When using Bayesian classification, you can give a 'fractile' value
that tells how much of a class' training data is to be classified into
the class in one-class classification scenario. Value of 1 says that
all training data should be classified as belonging to the class, but
no sample that has a lower likelihood than the worst sample in the
class training data should be classified as belonging to the class.
In multiclass scenarios, the one-class classification is performed
first for each of the known classes, and the classes with which the
sample passed, are used in Bayesian classification.
- gmmb_em: added two new c-means based EM initialization methods,
so that EM estimation no longer requires the Fuzzy Logic Toolbox.

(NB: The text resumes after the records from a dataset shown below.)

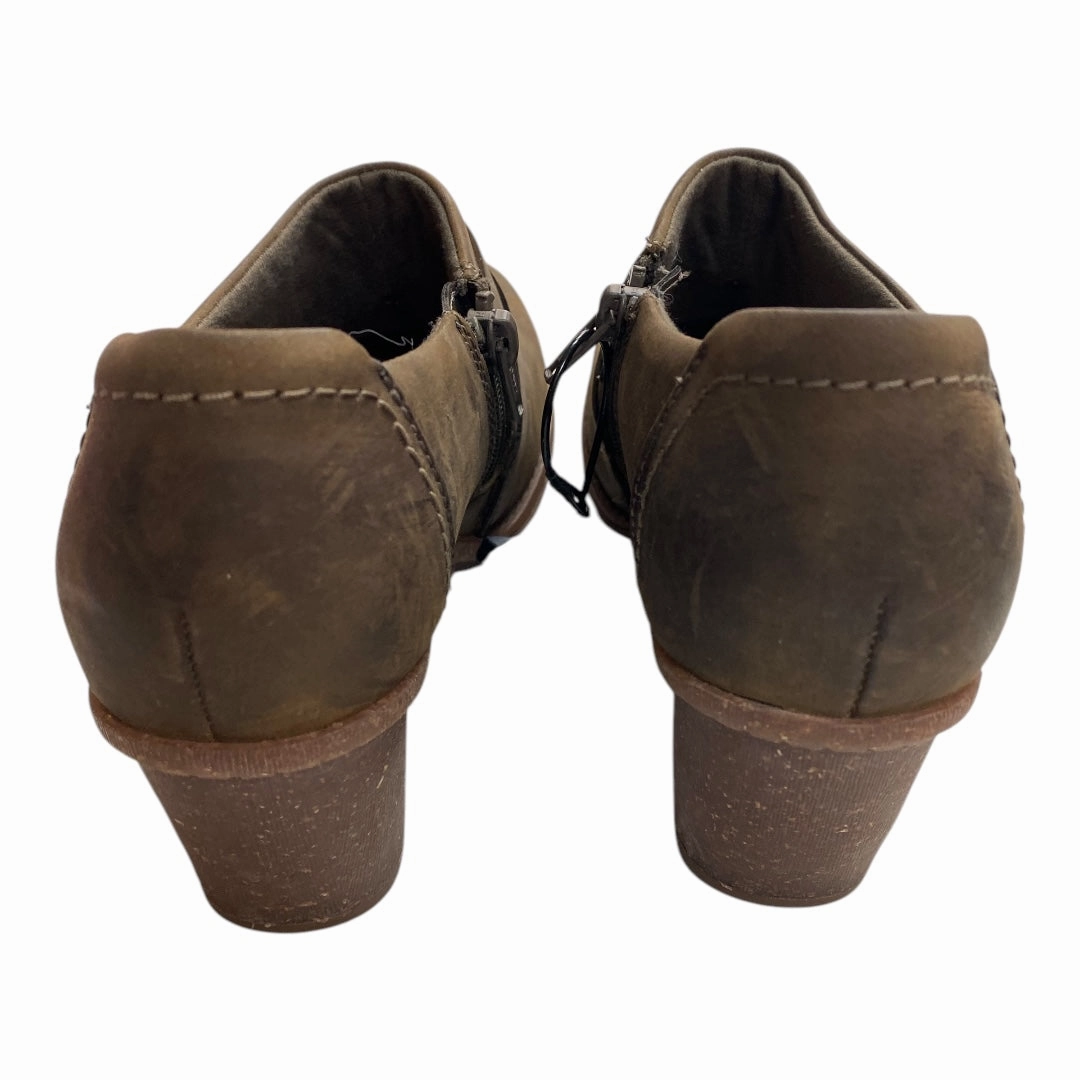 Shoes Heels Block By Clarks In Brown, Size: 7.5 Leather Footwear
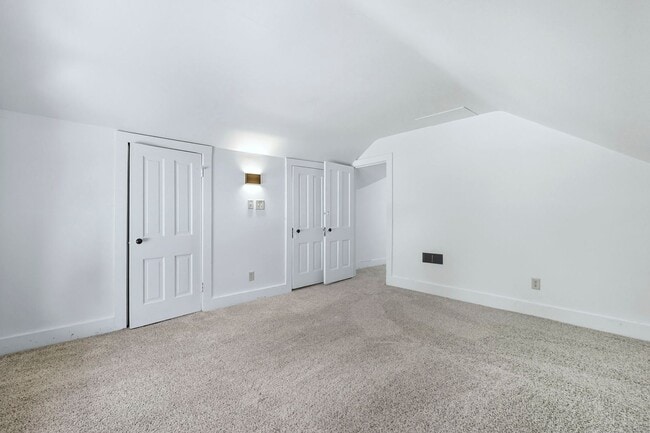 Building Photo - New THREE BED listing in Fort Wayne!
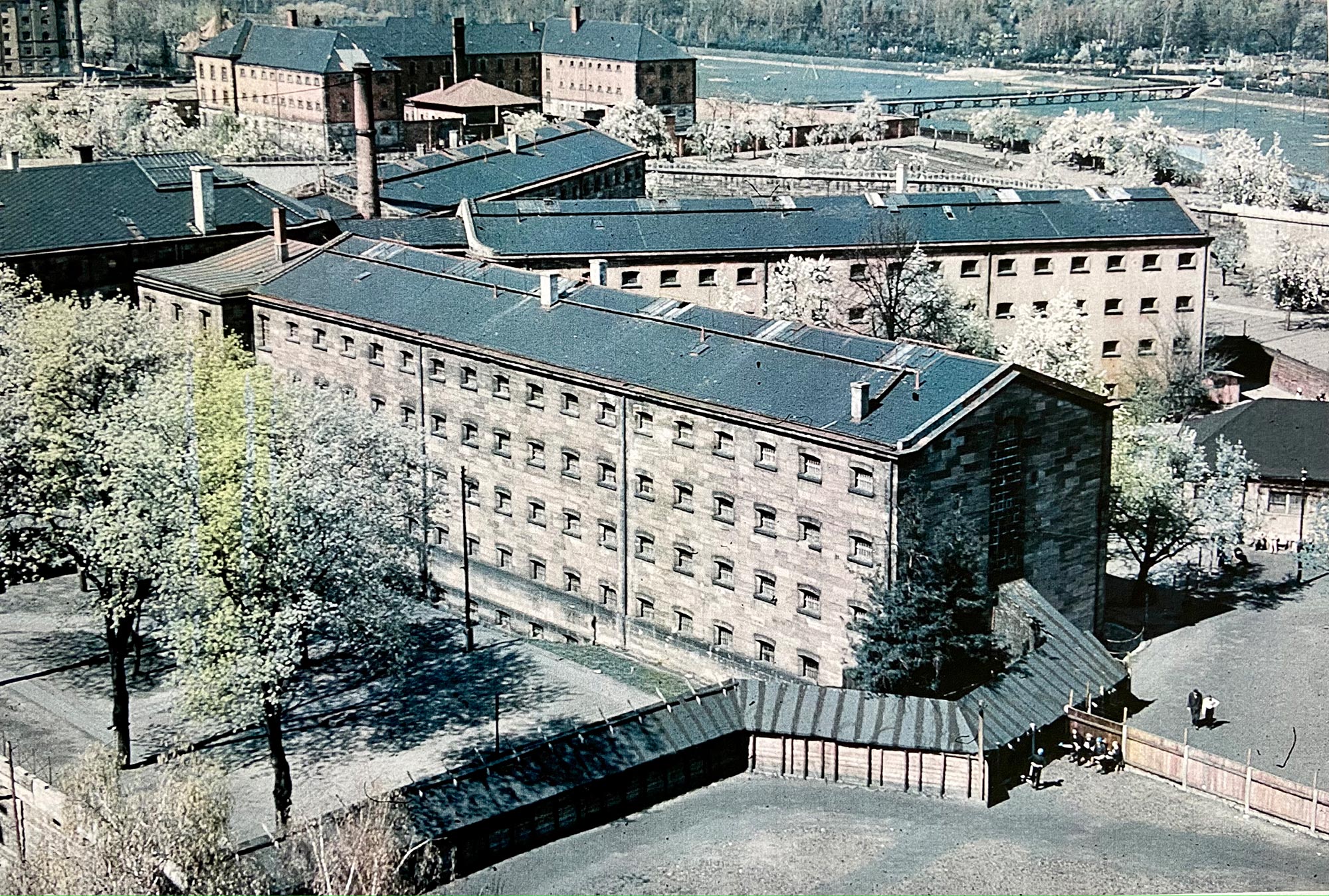 Verschlossene Türen, offene Ohren Stadtmagazin Nürnberg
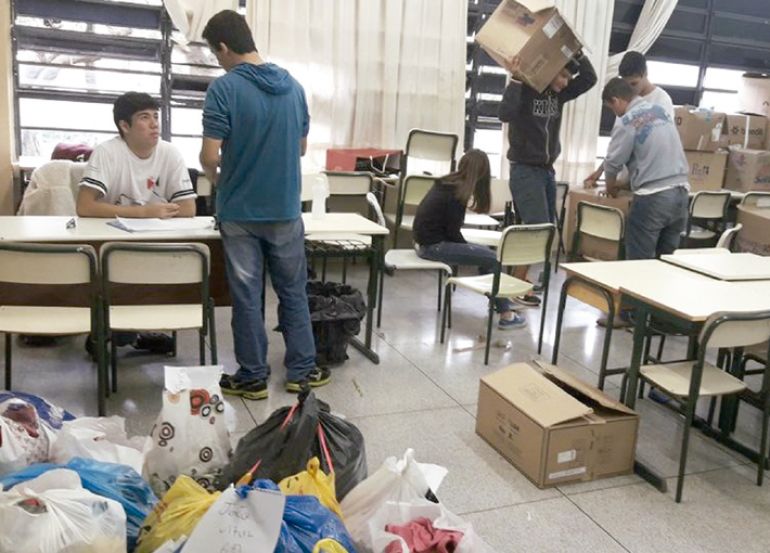 Cedida / Guilherme Assis, Peças de roupas foram arrecadadas por estudantes da Escola Estadual Monsenhor Sarrion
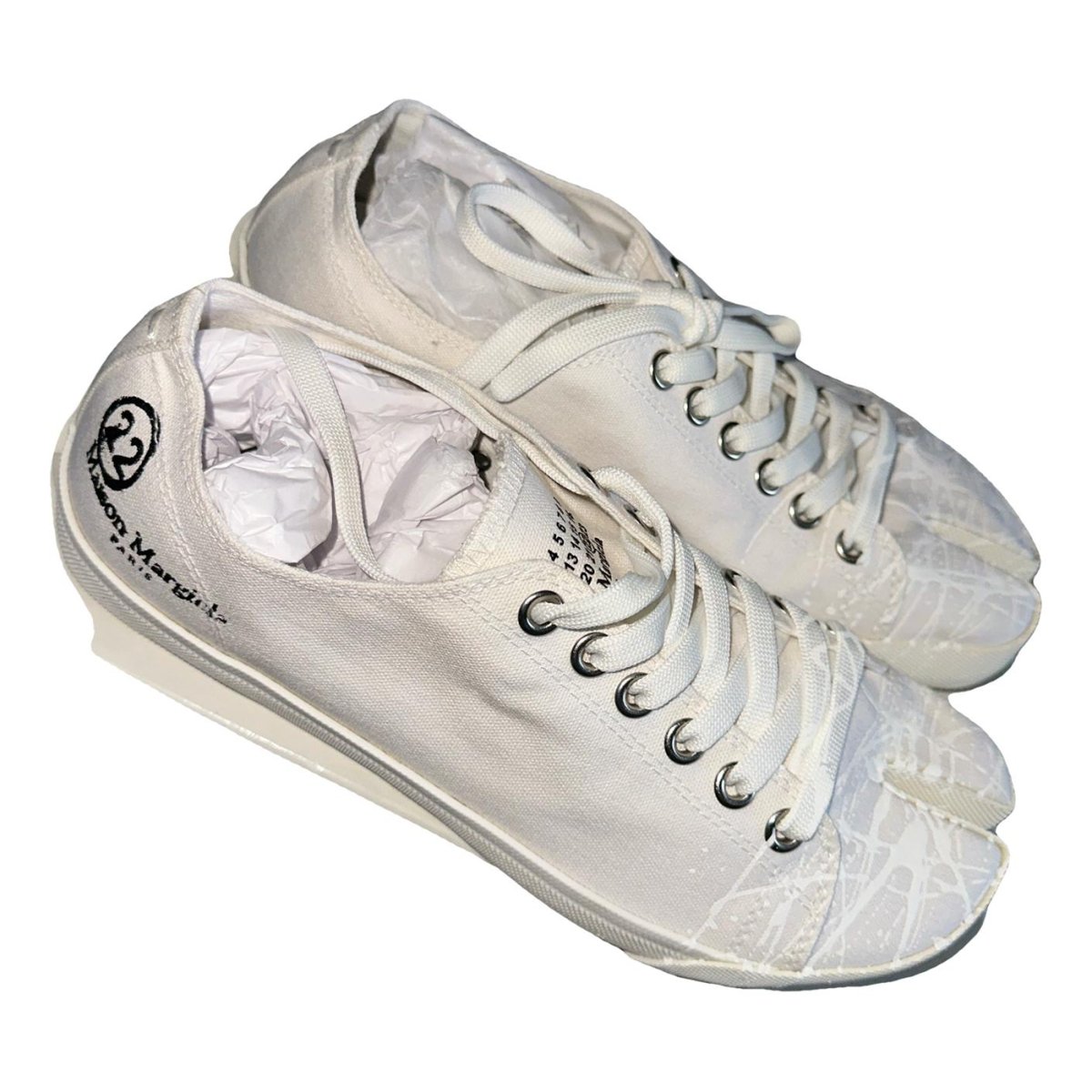 Tabi cloth trainers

- gmmb_fj: added 'maxloops' optional parameter to control the maximum
iterations allowed in a CEM run.
- gmmb_demo01: added an example of trash class classification.
--- 4. DATA STRUCTURES ---
Specification for the so called bayesS struct in gmmb_* functions.
K number of classes
D number of dimensions
C number of GMM components (class specific, can vary)
N number of data points
bayesS - struct array 1 x K
mu D x C mean vectors
sigma D x D x C covariance matrices
weight C x 1 component weights
apriories 1 x 1 class a priori probability
When referring to "data" and "type" parameters:
data N x D matrix
type N x 1 vector (class label, positive integer)
type is assumed to have at least one of every integer 1, ..., K.
histS - cell array 1 x K of vectors
Each vector contains an ordered list of PDF values of
points from the distribution k described by the k'th PDF.
$Name: $
$Id: readme.txt,v 1.4 2005/04/14 10:33:34 paalanen Exp $